Broccoli & Tomato Holiday Wreath ♥

Broccoli and grape tomatoes shaped into a festive wreath by a ring mold
Today's oh-so! festive vegetable recipe:
Broccoli & grape tomatoes formed into a wreath shape, topped with a lemon butter sauce. A perfect vegetable for Christmas dinners.


(Okay so before I tell the backstory, is anyone as amazed as I how much just broccoli and tomatoes really do look like a wreath?!)

Before Christmas awhile back, my friends' mother (we'll call her Mrs. K) called, asking for help with a recipe. She'd seen it in a magazine -- or wait, maybe a cookbook? -- and was desperate to find it again. She remembered the basics, broccoli and tomatoes in a wreath shape. But what would bind them? We couldn't think, not eggs, no, and certainly not gelatin. Cheese maybe? She thought not.

So Mrs K returned to her hunt. Many days and magazine piles later, at last she found her recipe. "It's just butter," she said exultantly. "Do you really think that just butter can hold it all together?"

It can. And this festive vegetable dish -- buttery yes, but still definitely a vegetable -- is absolutely delicious. The ingredient list is short and it's way less fussy than it looks. It does call for a ring mold -- check your grandmothers' attics for her old "salad form", that's where mine came from, or perhaps the Goodwill or a thrift shop. No luck? I think a round cake pan with a bowl in the center is worth a try, too. Do try to use a shallow cake pan, however, so that it can be inverted onto a plate without upsetting the broccoli.

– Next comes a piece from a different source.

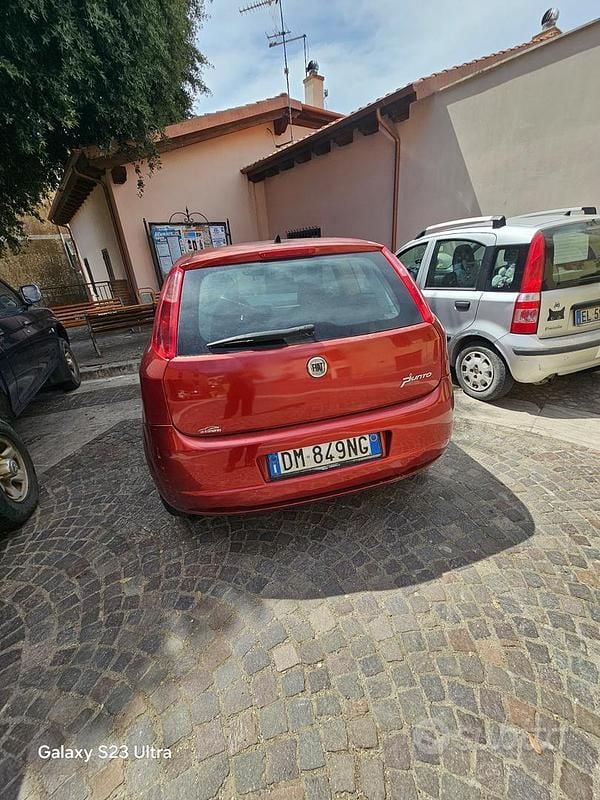 Usata Fiat Grande Punto Active 65 CV (47 kW) 2008 Rosso Utilitaria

NO RING MOLD? NO ENERGY TO FUSS? STILL LOVE the FESTIVE LOOK? Just cook the broccoli and tomatoes as directed, then put into a shallow casserole dish. Cover and warm through. I think it'll be just fine.

KITCHEN NOTES
Shoot for a generous pound of just the very most tender broccoli florets. Even buying broccoli crowns, I started with two+ pounds of broccoli to yield a pound+ of florets. Luckily the stems and stalks make a great broccoli soup.
The butter doesn't 'bind' the broccoli as much as lightly contain it. Be gentle.
Next time I will plate it differently, perhaps on a bed of rice? so that the buttery sauce has something to soak into. As you can see, it just pooled on the plate, not so prettily.
It's lovely hot, but because the pieces are small, can't hold the heat long. Luckily, it's still good at room temperature so this would work for a buffet, too though of course the 'effect' will be smashed with the first scoop.
Mrs K is gone now but her wreath recipe is just one more reason to remember her ever so warmly. (Hello Mr K! Hi C&C&E! Hugs J&K!)

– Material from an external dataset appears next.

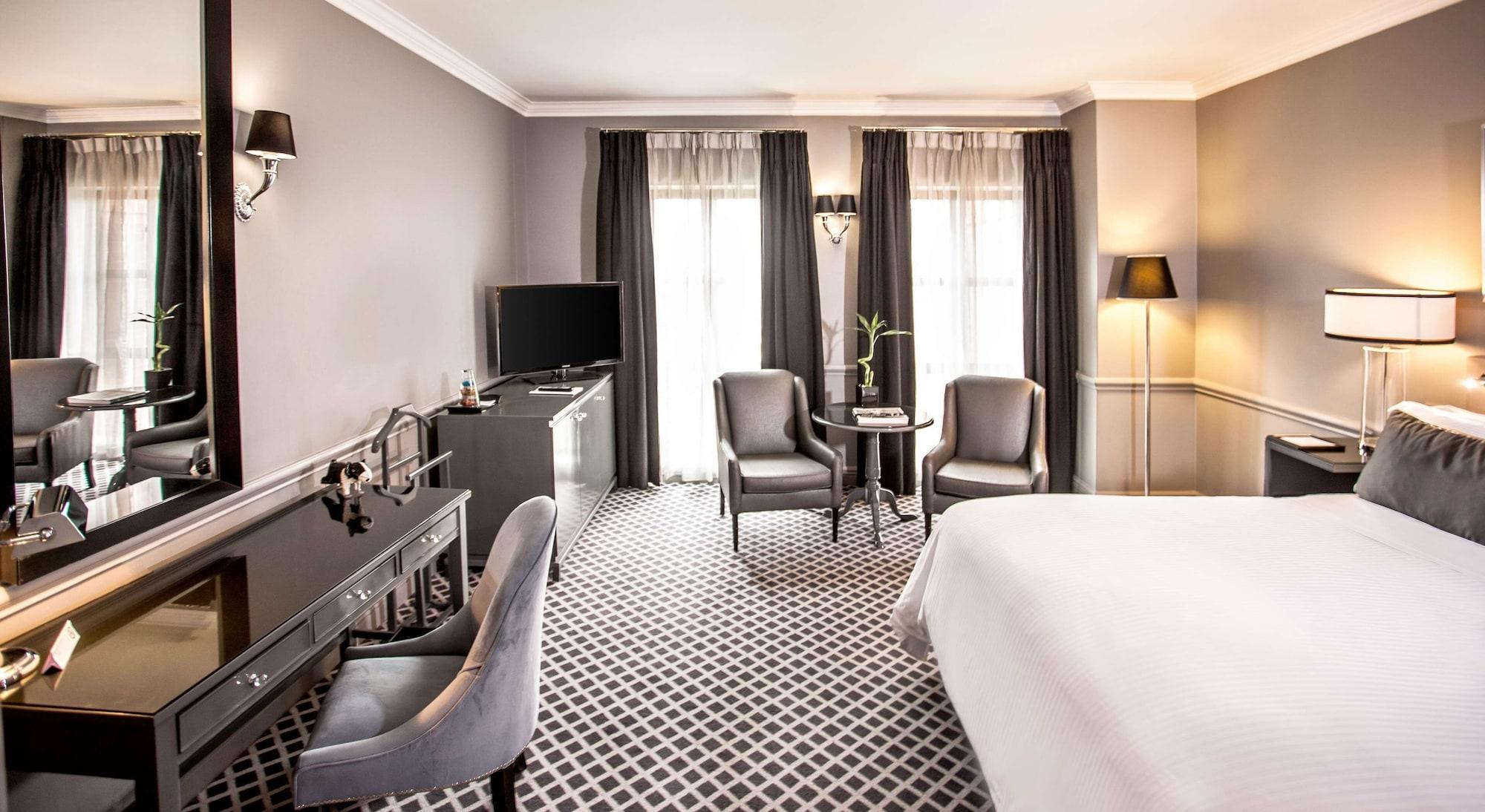 54 On Bath, Rosebank 5* Johannesburg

FROM the CREASE of MY RIGHT EYE This is the name of the event being hosted this month by Danielle from Habeas Brulee, celebrating all things layered and stuffed and this broccoli wreath is my contribution to the creativity in its midst. Danielle, you can perhaps appreciate that the broccoli is stuffed and pressed into a ring mold?



VEGETABLE RECIPES from the ARCHIVES ~ Red & Green

~ more Red & Green Warm Spinach Salad ~
~ more Spinach & Artichoke Gratin ~
~ more broccoli recipes ~

~ one year ago this week Celery with Tomato, Olives & Capers, perfect 'spareness' amid holiday excess ~
~ two years ago today Italian Wedding Soup ~


BROCCOLI & TOMATO HOLIDAY WREATH

Hands-on time: 20 minutes? sorry, I really lost track
Time to table: maybe 60 minutes?
Serves 6

BROCCOLI
Salted water
2 pounds of fresh broccoli, crowns only
Ice bath

Trim the broccoli, using just the green broccoli tops, cut into bite-size pieces. Drop into boiling salted water and cook for 3 minutes. Drain and refresh in a large bowl of ice water until just cool. Drain thoroughly.

TOMATOES
1/4 cup (4 tablespoons) unsalted butter
6 ounces cherry or grape tomatoes
1/2 teaspoon sugar (don't skip, it makes a difference!)
Salt & pepper to taste

In a skillet, melt the butter on MEDIUM until shimmery. Add the tomatoes and warm through but don't allow to pop. Remove from heat, stir in sugar and season.

SAUCE
6 tablespoons unsalted butter (I used about 4, it was plenty)
Juice of half a lemon (about a tablespoon or two)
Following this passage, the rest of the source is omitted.